2003年7月31日(木)「しんぶん赤旗」
〈問い〉 こんど「仲裁法」という法律が成立しましたが、どんな問題がありますか。(長崎・一読者)
〈答え〉 「仲裁法」は七月二十五日に成立しました。当事者間に合意がある場合に、裁判ではなく一人または二人以上の仲裁人に紛争の解決を委ねる仲裁制度について定めています。
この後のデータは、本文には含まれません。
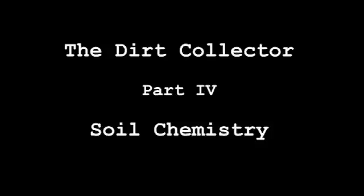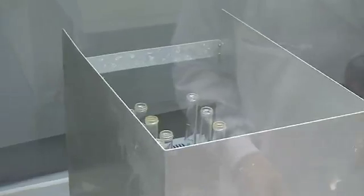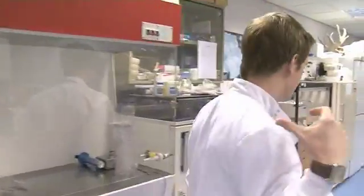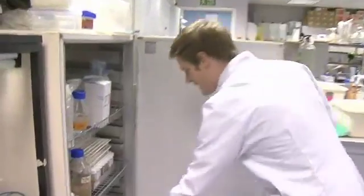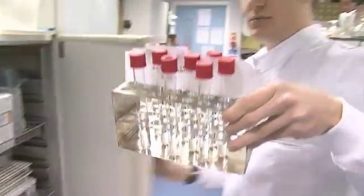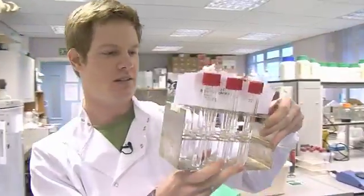First I need to get rid of everything I don't need from the plants, which includes all the organic matter — all the greens and browns, all the pigments. To do that I need to use a very strong acid: sulfuric acid. The next step, once I've taken what's called the digest, I get this, which has had some deionized water added.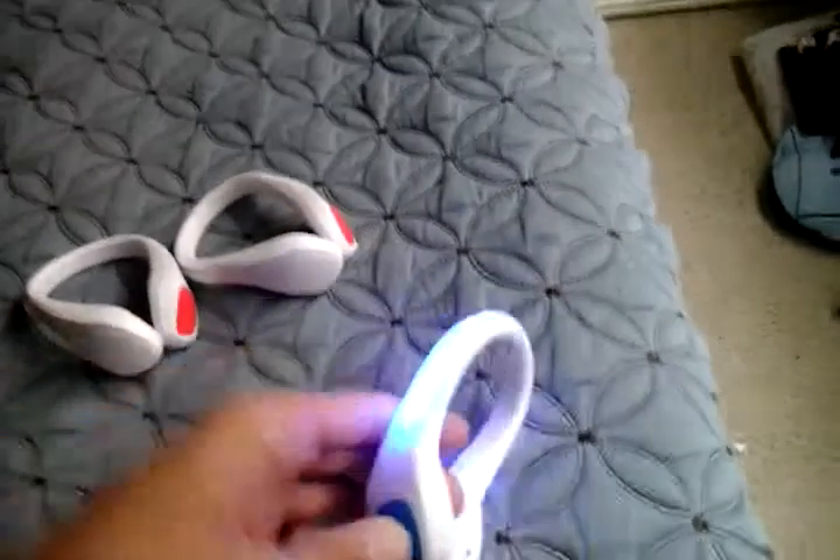I reviewed the giant one from last time. As you notice, this still works. But I thought the battery was not replaceable on this one — yeah, not replaceable.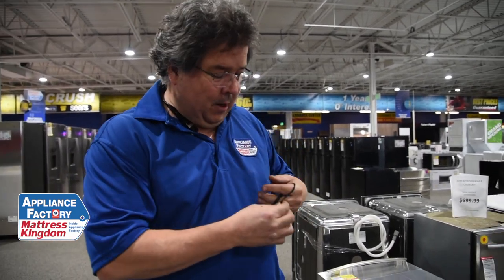I do my dishes by hand and I pretty much ruined my own dishwasher because I never used it. What I mean by that is the pump will still turn on, the motor will still turn on, but it's going to probably leak. And I'll show you why.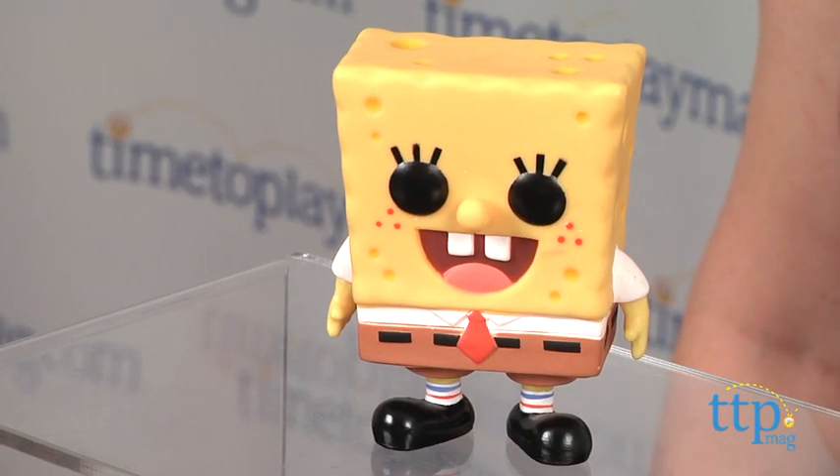Hi, I'm Laurie from TimeToPlayMag.com, and fans of SpongeBob SquarePants can collect their favorite yellow sponge in a new way with the Pop Television SpongeBob SquarePants vinyl figure from Funko. This features the show's title character as a stylized three and three-quarter inch non-articulated vinyl figure.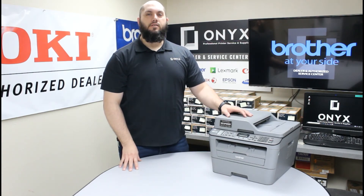If you have any questions or concerns, please feel free to reach out to Onyx — we'd love to help answer those for you. Also, if there's any way we can help with any of your printer or office supply needs, please feel free to reach out to Onyx. We'd love to help supply those for you as well. We hope you have a great day and you're back up and printing.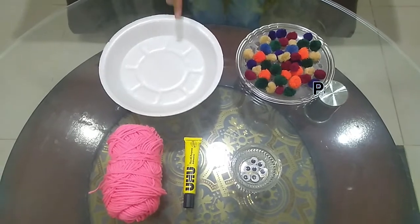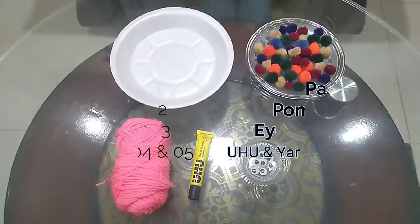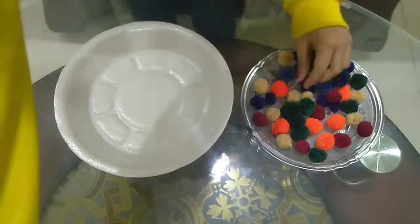This is a paper plate, colorful pom-poms, eyes, and yarn. Now I am going to make a clown with this paper plate and I will stick these pom-poms. This is a sticker dolly.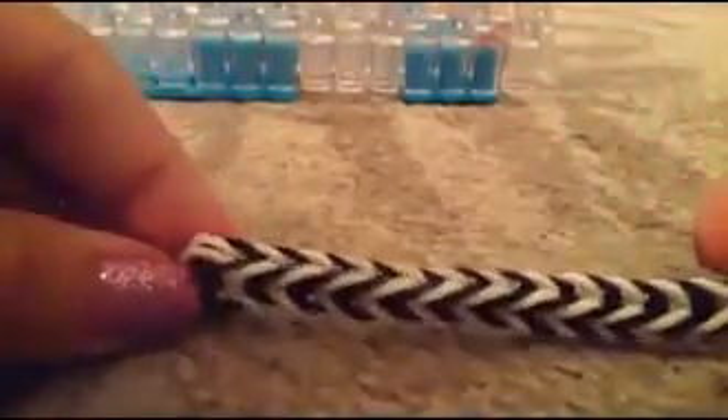Once you've got your bracelet to the size that you need, you're going to want to take your bracelet off, but make sure you hold it with a good tight grip. You're going to take it off, and you want to take these two out. So now you have that, and you're going to take a C-clip and put the C-clip onto here and to the other side, and attach it to the other side, which is right here. Take it and attach it to this side, and now you have your bracelet.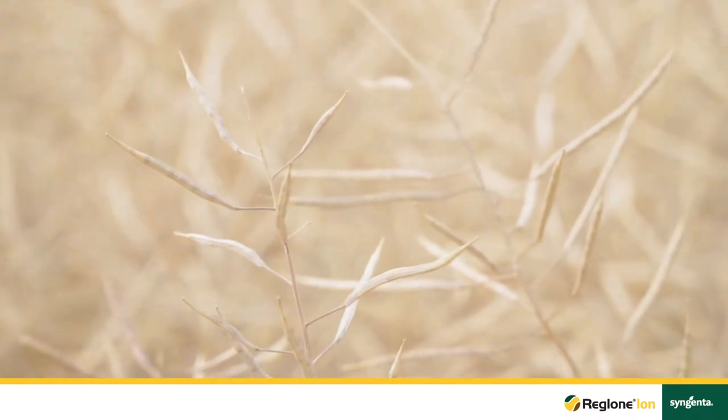I'm holding a canola plant right here that I've already ascertained has greater than 90% brown seed. One thing that's important to note is even though the top of the plant looks like it's fully desiccated or dried down, the stems are still green in this field. The farmer has already attempted to cut some of his headlands and drier areas of the field and has had a lot of trouble getting through them due to this green material. By using Reglone Ion he'll be able to get through this much faster than he would be by waiting for natural dry down.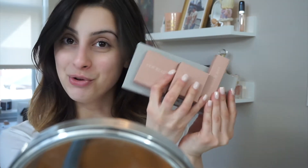Hey guys, what's up and welcome to today's video. So for today, I'm super excited because we are trying out KKW Beauty. I have the concealer, the baking powder, and the brightening powder, which I'm super excited about. And then I have the KKW x Mario eyeshadow palette.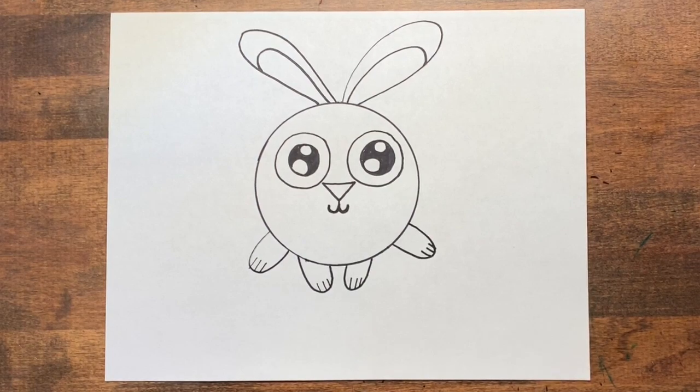A bunny's tail is so short that I probably can't see it if I'm looking at the bunny from the front, so I'm going to skip the tail. If your animal is a cat or a dog you might be able to see the tail, so go ahead and add it.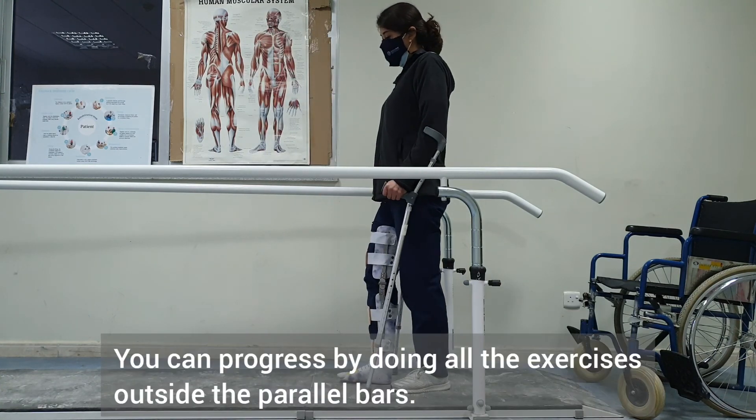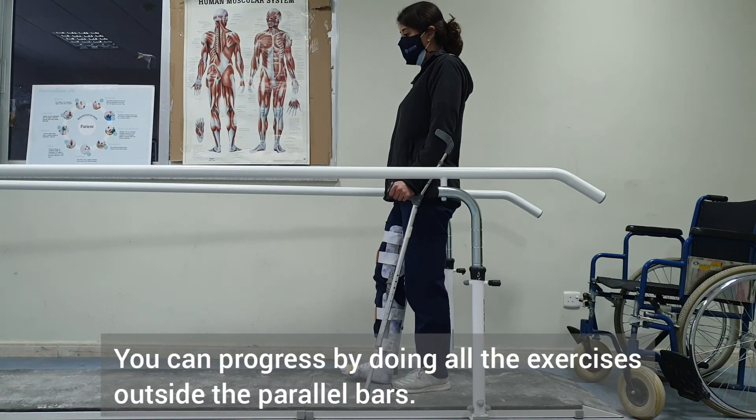After that, we will do all of this training again outside of the parallel bars.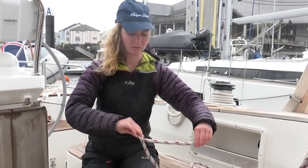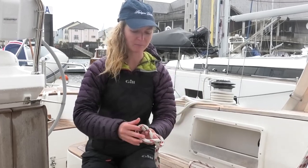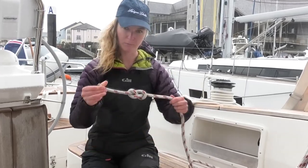It's very simple. You just make a loop, twist it over, bring your end round the back and feed it through the loop you've made.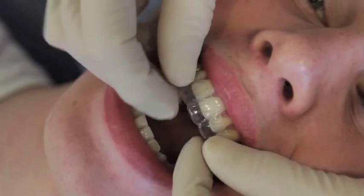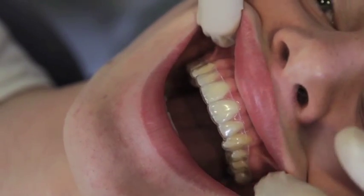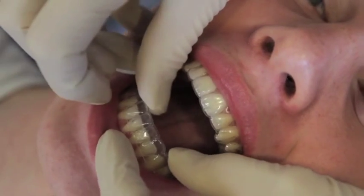The fitting of a retainer is a very simple process and here you can see some new retainers that we're just fitting. Sometimes it can feel a bit tight — don't worry about that, this will ease up over the first few days.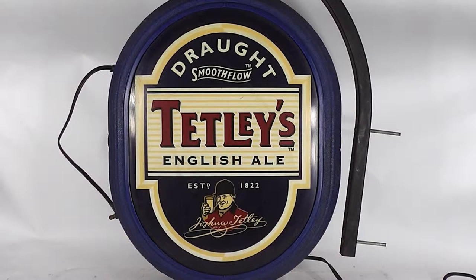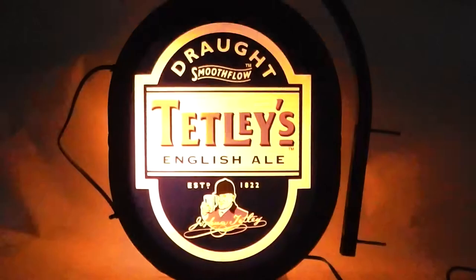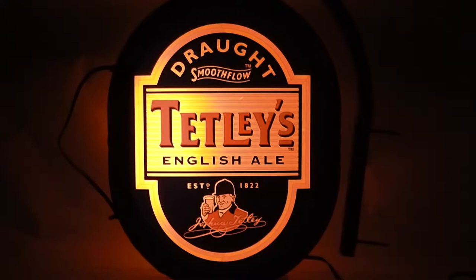We have the Tetley's English Ale pub light up sign. I'm going to turn it on so you can see the lights do work. See that it did turn on.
仲裁制度はもともと、国際商取引での紛争などを迅速に解決する制度として、整備が提起されていたものです。一定の限られた範囲で発生した紛争を、対等な当事者の合意を前提に迅速解決をはかる仲裁制度ならば、合理的なものといえます。しかし、いったん双方が仲裁に解決を委ねる合意(仲裁合意)をすれば、判決に相当する「仲裁判断」に不満があっても、裁判に訴えることは原則として認めないのが仲裁制度です。仲裁対象をむやみに広げれば、憲法三二条の「裁判を受ける権利」の重大な侵害となります。
ところが今回の仲裁法は、国民との裁判を避けたい財界・大企業などの思惑が反映され、仲裁対象をほとんど民事紛争一般に広げてしまいました。しかも過去に起こった事件だけでなく「将来において生ずる」(第二条)紛争の仲裁合意も有効としました。これによって大企業などが、将来の紛争は仲裁に委ねると契約に盛り込んだ場合、採用されたい労働者や取引を続けたい下請け企業などが拒否するのは困難で、むざむざ裁判を受ける権利を奪われかねません。
この点では、国民の運動によって、消費者契約や個別労働紛争では、仲裁合意を解除できるとしたり、無効とする規定が法の付則に設けられました。しかし「当分の間」という留保がつけられています。他方、元請け大企業と下請け企業などの関係では解除・無効などの制度は盛り込まれず、下請け二法など経済的弱者を保護するための法制度が、仲裁によって骨抜きにされる危険があります。
こうした重大な問題点があるため、日本共産党は仲裁法に反対しました。